復興会議での高台移転についての議論の様子

 地域で管理する林を持つ崎浜集落では、自治会の役割が大きく、2011年6月には自治会が中心となり、崎浜復興会議を立ち上げました。地域づくりに関して地域住民と行政をつなぐ中間支援でノウハウを持つNPO法人いわて地域づくり支援センターでは、ワークショップ形式を導入して復興会議の運営をサポートするなど、住民主体で合意形成を手伝っています。

 「地元の住民だけでは、何をすれば良いのか分からなかった」と話すのは、復興会議メンバーで自治会長の遠藤喜隆さん。今回協力を仰いだいわて地域づくり支援センターとは、2007年から地域交流事業で支援を受けており、良好な関係を築いていました。遠藤自治会長は「もともと関係もあって『この人たちなら』と思った。会議には廣田先生も参加すると言ってくれたので、復興会議を立ち上げることができた。とても助かっている」と振り返ります。廣田先生とは、岩手大農学部教授で支援センター理事長の廣田純一さん。第二回会議から廣田理事長と支援センター事務局長の若菜千穂さん、岩手大の学生たちが参加し、復興会議事務局と協力しながらワークショップを運営しています。回を重ねるごとに被災者や女性の参加者が増え、復興会議委員として22人のメンバーが月に一度の会議に臨んでいます。

 

ワークショップ形式で活発な意見交換を

活発な意見交換で付せんの数も増える

 ワークショップでは、参加者が3つのグループに分かれて、テーマについて意見を交わします。意見は付せんにまとめて分類するなどして、最後にはグループごとに結果を発表します。
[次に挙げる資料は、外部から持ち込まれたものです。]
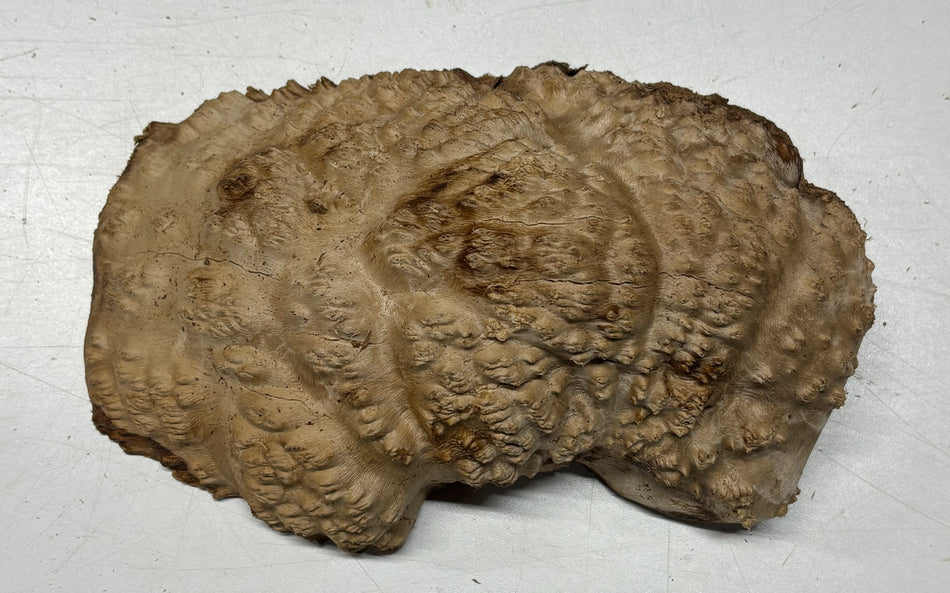 Brown Mallee Burl Blank 9" x 6" x 1" 2 Lbs #6274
 これまでに、地域コミュニティを維持するための課題や堤防の高さなど具体的なテーマを議論してきました。高台移転の候補地についても、会議の結果としていくつかの案を行政に示すことができました。12年2月に行われた第六回会議では、行政からの返答を受けて、再度、候補地の適性や問題点について話し合いました。

 ワークショップのテーマ設定や資料作成を行う若菜事務局長は「私たちは、皆さんに自分たちでやるべきことに気付いてもらい、自分たちでできるようにお手伝いしているだけ。被災地域にはいろんな問題があるけれど、集団移転が決まらないと、住民も他の問題に取り組めない」と、一連のワークショップを通じて感じた被災地の現状を訴えます。そんな中で、高台移転や堤防の高さについては、行政から復興会議での意見集約を委託されており、行政からも期待される存在となっています。

 

地域全体で取り組む復興会議

女性ならではの視点も復興計画に反映

 遠藤自治会長は「復興会議メンバーの中には、被害がほとんど無かった人もいるが、復興には地域全体で取り組まなければならないと考えた」と、復興会議の重要性を説きます。自治会は古くから地域の合意形成をリードしてきましたが、自治会員のほとんどは高齢の男性。女性の意見に耳を傾ける機会はほとんどありませんでした。支援センターの助言もあり、復興会議には22人中8人の女性メンバーが名を連ねます。遠藤自治会長は、ワークショップ形式の会議運営について「一人ひとりの意見が形になるから、活発に意見が出るようになった」と、支援センターの参加効果を評価します。

 支援センターの廣田理事長は「地域のことを知っている人たちが、地域の将来を考えるのは合理的なこと。まとまったコミュニティがあった地域での復興計画策定は、こういう風にあるべきだ」ときっぱり。その上で「図面を書いたり、ワークショップをリードしたりと、技術的な支援は必要だ」(廣田理事長)と言います。若菜事務局長も「被災という特殊な状況下で、地域住民だけで議論するのはとても難しい。行政と地域の間に入って、中間支援することも大事。前向きで『ふるさとを何とかしたい』と考える方々と一緒に活動することで、お互いに良い影響を受けている」と語ります。

 

「復興会議にゴールはない」

崎浜復興会議のメンバー

 高台移転の議論の進捗に合わせて、いわて地域づくり支援センターでは、復興会議メンバーと一緒に被災世帯の全戸訪問調査を行う方針です。3月末には、集団移転の先行事例を学ぶために、復興会議のメンバーで新潟県山古志村の復興住宅を視察しました。そして各地に散らばる崎浜集落出身者に、地元の今を知ってもらうためにも、震災と復興の記録集作成と発送も復興会議で行う予定です。「復興会議にゴールは無い」と語る遠藤自治会長と共に、いわて地域づくり支援センターは「お手伝い」の立場から、被災者に寄り添った支援を継続します。